2022 World Press Freedom Index Warns on News Chaos, Media Polarization

An international media watchdog warned on Tuesday about the “disastrous effects of news and information chaos – the effects of a globalized and unregulated online information space that encourages fake news and propaganda.”

World Press Freedom DayJournalists' jobs are becoming increasingly difficult around the world, and the number of tools used against them is growing. (Photo: Marco Verch Professional Photographer, Flickr, License)Marking World Press Freedom Day, Reporters Without Borders (RSF) published their 2022 World Press Freedom Index that indicates a two-fold increase in polarization exacerbated by information disorder — that is, media polarization fuelling divisions within countries, as well as polarization between countries at the international level.

“Within democratic societies, divisions are growing as a result of the spread of opinion media following the ‘Fox News model’ and the spread of disinformation circuits that are amplified by the way social media functions,” the watchdog said in a statement.

At the same time, the disparity between open societies and autocratic governments that dominate their media and online platforms while waging propaganda campaigns against democracies is eroding democratic institutions around the world.

Therefore, the polarization on different levels is fueling increased tensions, according to RSF.

Assessing the state of journalism in 180 countries and territories worldwide, the World Press Freedom Index showed how the crisis in the world reflects on the media.

While the countries topping the list — Norway, Denmark and Sweden — continue to serve as “a democratic model where freedom of expression flourishes,” in the case of the Russian invasion of Ukraine, according to RSF, a propaganda war preceded the physical one. The Kremlin regime also continued to persecute those media who refused to take part in the propaganda.

Contrary to the ideas of the World Press Freedom day, which the UN declared nearly 30 years ago “as a reminder to governments of the need to respect their commitment to press freedom,” Russia, according to the report, keeps 13 journalists and one media worker in jail at the moment.

“Russian forces are detaining, abducting or kidnapping and targeting journalists and civil society actors to prevent the world from hearing the truth,” according to Council of Europe, which called on the Russian Federation to “immediately stop such attacks and practices.”

Stressing that safety of journalists is a EU priority, the continent’s leading human rights organization warned that already 10 Ukrainian and international media workers were killed and many others were wounded in the Russian invasion of that country.

The Council paid respect to courageous independent media and individual journalists in Russia and Belarus, who “strive to inform about the war waged by the Russian leadership against Ukraine and the atrocities committed against Ukrainian people,” despite the risk of long-term prison sentences and prolonged arrests.

Russia’s regime treatment of independent media pushed that country deeper into the World Press Freedom Index’s so-called red list, which indicates a “very bad” press freedom situation on the map. The country fell five places on the Index, from an already low 150th to 155th.
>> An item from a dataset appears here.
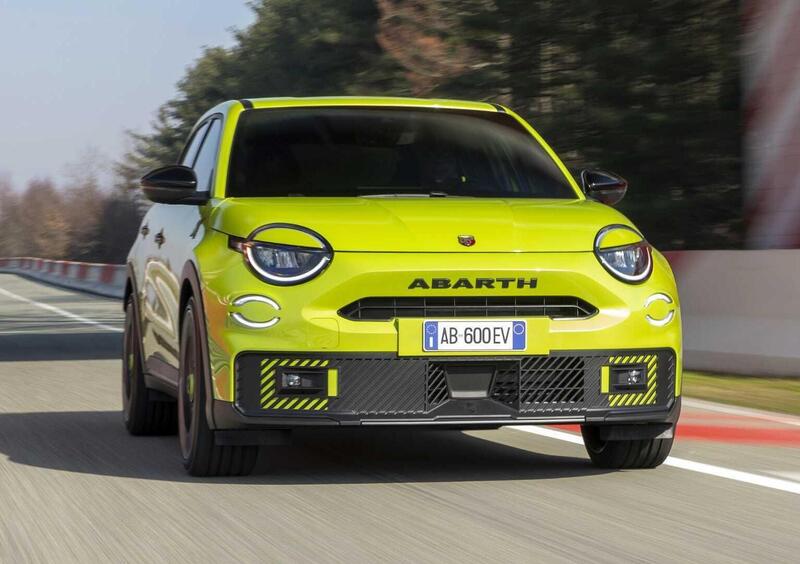 Abarth 600e (2024-->>) (5)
RSF stressed that the number of countries classified as “very bad” seriously increased this year, coloring 28, out of 180 countries, red. The Index’s red list starts with Belarus on 153th place, and ends with the world’s 10 worst countries for press freedom. Among them is Myanmar (176th), where the February 2021 coup d’état set press freedom back by 10 years as well as China, Turkmenistan (177th), Iran (178th), Eritrea (179th) and North Korea (180th).”

The RSF stressed that the media face serious problems in other parts of the world as well. For example in China, considered as “one of the world’s most repressive autocratic regimes,” which “uses its legislative arsenal to confine its population and cut it off from the rest of the world.” The country, which takes the 175th place on the World Press Freedom Index, currently keeps 110 journalists behind bars.
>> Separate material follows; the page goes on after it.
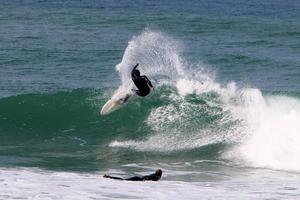 21 dicembre 2018 Israele. surf su onde alte nel Mediterraneo. foto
The situation is especially critical in Hong Kong, which plummeted from 80th place last year to 148th, and near the red-colored-map, this year.

The situation is not much better in India and Pakistan or the Middle East — Israel, Palestine and the Arab states, according to the Index.

“The creation of media weaponry in authoritarian countries eliminates their citizens’ right to information but is also linked to the rise in international tension, which can lead to the worst kind of wars,” RSF Secretary-General, Christophe Deloire, said and stressed that “urgent decisions are needed in response to these issues.”

Persecution of journalists, however, is not the only tool governments use to silence the media.

The International Federation of Journalists (IFJ) has warned that sophisticated spyware programs have been used to spy on journalists and media workers all over the world in recent years.

“From Asia Pacific to Latin America, passing by European and the Middle East, governments have reportedly used sophisticated spyware products designed to fight crime to target independent journalists,” IFJ said in a statement.

The lack of restrictions and supervision over the use of this type of malware, which was originally meant to combat crime and terrorism, allows it to be used maliciously against journalists, lawmakers, human rights defenders, and civil society leaders, according to the organization.

IFJ therefore urged governments across the world and international bodies to “work together with journalists’ unions to develop strict regulations that ban surveillance of journalists and recognise the inviolability of journalists’ communications.”